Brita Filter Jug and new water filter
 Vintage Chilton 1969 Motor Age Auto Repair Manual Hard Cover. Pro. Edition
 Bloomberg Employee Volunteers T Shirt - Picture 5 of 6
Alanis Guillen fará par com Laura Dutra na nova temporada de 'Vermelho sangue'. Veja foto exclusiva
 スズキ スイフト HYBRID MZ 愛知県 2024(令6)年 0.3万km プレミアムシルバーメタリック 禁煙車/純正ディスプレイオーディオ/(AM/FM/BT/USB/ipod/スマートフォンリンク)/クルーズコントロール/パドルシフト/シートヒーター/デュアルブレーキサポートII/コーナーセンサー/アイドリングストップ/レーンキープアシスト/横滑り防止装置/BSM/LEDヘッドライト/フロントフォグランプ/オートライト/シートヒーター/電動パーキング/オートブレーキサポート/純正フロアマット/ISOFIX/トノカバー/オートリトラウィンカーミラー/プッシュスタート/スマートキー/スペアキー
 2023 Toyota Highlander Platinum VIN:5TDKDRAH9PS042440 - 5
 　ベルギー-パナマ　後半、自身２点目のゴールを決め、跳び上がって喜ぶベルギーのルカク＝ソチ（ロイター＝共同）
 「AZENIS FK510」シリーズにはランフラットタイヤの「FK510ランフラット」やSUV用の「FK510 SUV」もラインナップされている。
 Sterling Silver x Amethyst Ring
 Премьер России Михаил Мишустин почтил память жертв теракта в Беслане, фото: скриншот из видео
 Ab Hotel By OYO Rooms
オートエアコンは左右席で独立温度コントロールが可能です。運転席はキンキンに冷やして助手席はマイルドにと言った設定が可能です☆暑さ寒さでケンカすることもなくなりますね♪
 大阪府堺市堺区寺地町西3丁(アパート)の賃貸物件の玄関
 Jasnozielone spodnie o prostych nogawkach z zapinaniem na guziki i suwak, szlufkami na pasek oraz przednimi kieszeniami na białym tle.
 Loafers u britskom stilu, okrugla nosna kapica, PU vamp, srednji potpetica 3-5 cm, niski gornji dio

▶ Work task
Write the lines again exactly, from the first line of the material above to the line that includes "Ab Hotel By OYO Rooms", both included. Leave out all the rest.

▶ Task result
Brita Filter Jug and new water filter
 Vintage Chilton 1969 Motor Age Auto Repair Manual Hard Cover. Pro. Edition
 Bloomberg Employee Volunteers T Shirt - Picture 5 of 6
Alanis Guillen fará par com Laura Dutra na nova temporada de 'Vermelho sangue'. Veja foto exclusiva
 スズキ スイフト HYBRID MZ 愛知県 2024(令6)年 0.3万km プレミアムシルバーメタリック 禁煙車/純正ディスプレイオーディオ/(AM/FM/BT/USB/ipod/スマートフォンリンク)/クルーズコントロール/パドルシフト/シートヒーター/デュアルブレーキサポートII/コーナーセンサー/アイドリングストップ/レーンキープアシスト/横滑り防止装置/BSM/LEDヘッドライト/フロントフォグランプ/オートライト/シートヒーター/電動パーキング/オートブレーキサポート/純正フロアマット/ISOFIX/トノカバー/オートリトラウィンカーミラー/プッシュスタート/スマートキー/スペアキー
 2023 Toyota Highlander Platinum VIN:5TDKDRAH9PS042440 - 5
 　ベルギー-パナマ　後半、自身２点目のゴールを決め、跳び上がって喜ぶベルギーのルカク＝ソチ（ロイター＝共同）
 「AZENIS FK510」シリーズにはランフラットタイヤの「FK510ランフラット」やSUV用の「FK510 SUV」もラインナップされている。
 Sterling Silver x Amethyst Ring
 Премьер России Михаил Мишустин почтил память жертв теракта в Беслане, фото: скриншот из видео
 Ab Hotel By OYO Rooms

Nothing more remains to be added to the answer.